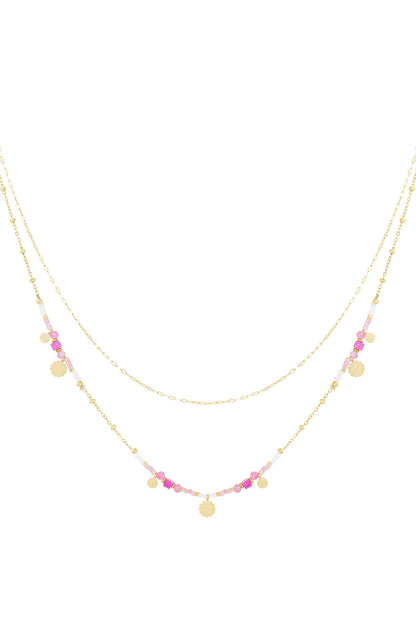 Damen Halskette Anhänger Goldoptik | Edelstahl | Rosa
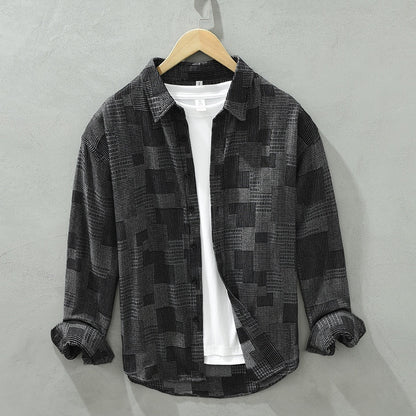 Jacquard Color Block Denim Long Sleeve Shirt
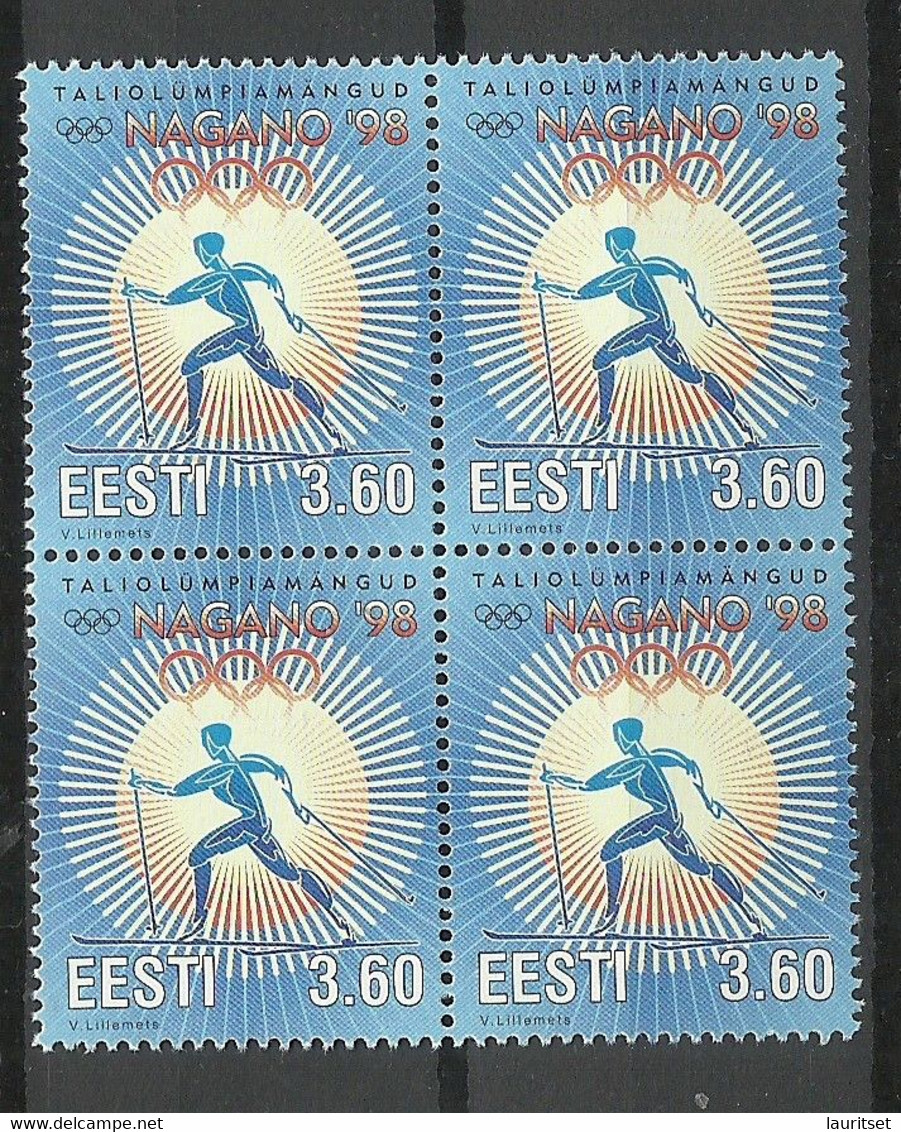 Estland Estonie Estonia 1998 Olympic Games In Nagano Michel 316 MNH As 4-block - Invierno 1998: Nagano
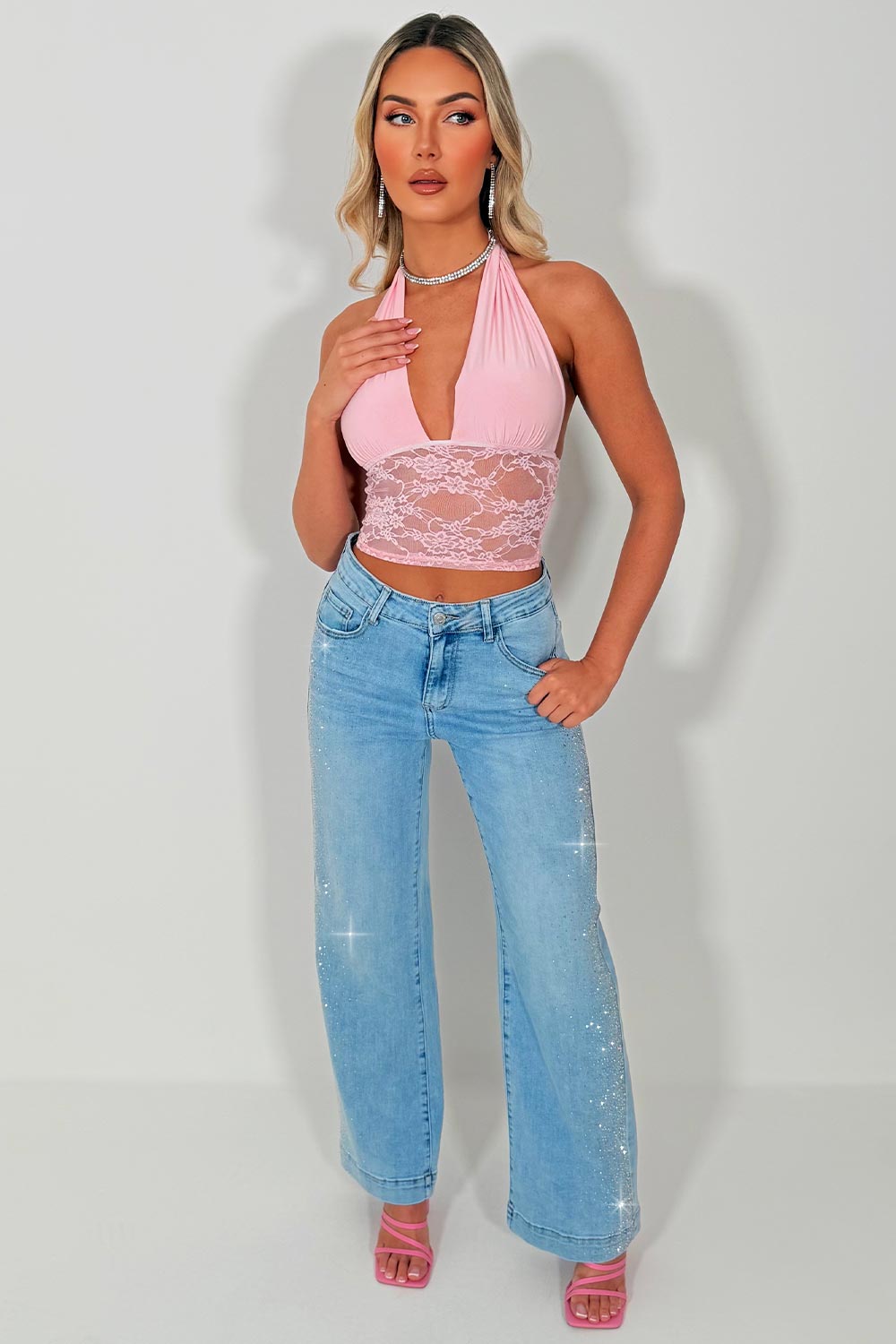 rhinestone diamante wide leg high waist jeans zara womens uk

○ ○ ○ ○

## What you will do
Only the text of the listing above should be copied, exactly and with pictures left out.

## Output
 Damen Halskette Anhänger Goldoptik | Edelstahl | Rosa
 Jacquard Color Block Denim Long Sleeve Shirt
 Estland Estonie Estonia 1998 Olympic Games In Nagano Michel 316 MNH As 4-block - Invierno 1998: Nagano
 rhinestone diamante wide leg high waist jeans zara womens uk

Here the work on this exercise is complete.